There has always been an interesting dynamic between IT and most other organizations. Spend a day or two in the average IT shop, and you'll hear of a seemingly distant and often nefarious entity referred to in hushed tones as "The Business." When discussing a new system, you might hear about how "The Business" has made an unreasonable request, or "The Business" is recommending a new technology without having consulted IT. As an outsider, you'd be forgiven for picturing a giant or mythical beast, but the speaker is actually referring to his or her colleagues from outside IT. Here are three tips for working with The Business.
Be the business
While it's easy to take an "us versus them" stance when you're in a support function like IT, it's imperative that as leaders and IT managers we remember that we're part of the business. IT simply cannot exist without functions like sales, marketing, and finance, and in an increasingly technology-driven environment oftentimes these entities could not function without IT support.

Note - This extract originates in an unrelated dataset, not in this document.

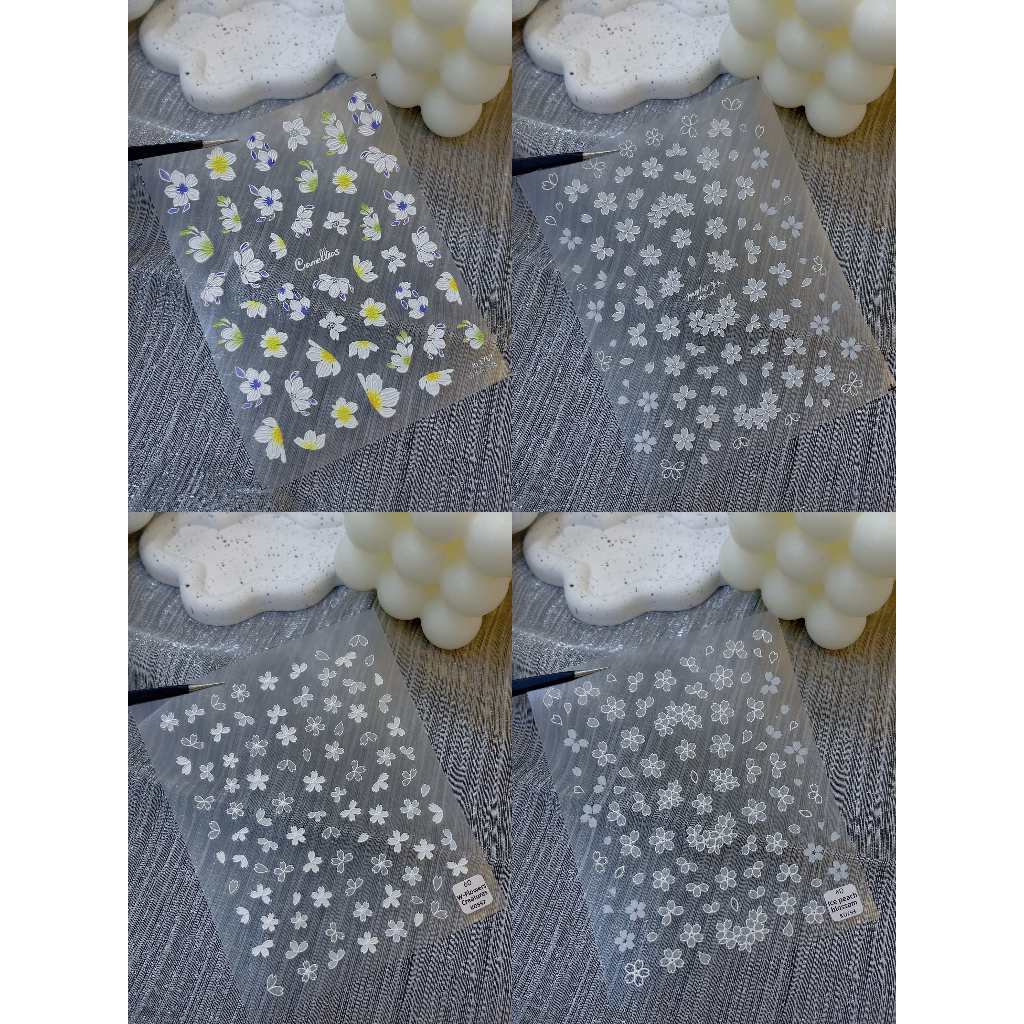 Sticker miếng dán móng tay hoa lá , sticker hoa rơi cao cấp, sticker nail trang trí móng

In the best-run IT shops, IT is an active player in strategic and tactical business decisions and leverages technology to accomplish business objectives, rather than standing by and waiting to be summoned to deliver an IT project of some sort. This role will become increasingly important as commodity infrastructure and services shift to the cloud, and traditional corporate IT risks extinction unless it can function as a core part of the business rather than a separate shared service.
Talk the talk
A major stumbling block in tearing down the wall between IT and the rest of the organization is terminology. IT easily speaks in highly technical terms, and often pursues technical metrics like uptime and service levels that are not directly correlated to the financially-focused metrics of other entities.
Similarly, business units have their own lingo and terminology, and many a meeting between IT and another business unit has resulted in frustration on all sides, with each party feeling that they simply couldn't understand the other.
If IT is going to be an essential and equal part of the business, it needs to become versed in the language of business first and technical terminology second. While a marketer may instantly grasp the importance of Customer Acquisition Cost, a metric that's foreign to someone in finance, they can easily meet on a common ground of profitability, growth, and executing on strategic priorities. It's incumbent on IT to do the same.
End the gymnastics
Unfortunately, some IT organizations are still pursuing a convoluted chargeback model in the name of generating "profits" from IT. The logic goes that each and every IT service, from provisioning a server to sending a single email, should have an associated cost that's tracked and charged to the business unit that originated that transaction.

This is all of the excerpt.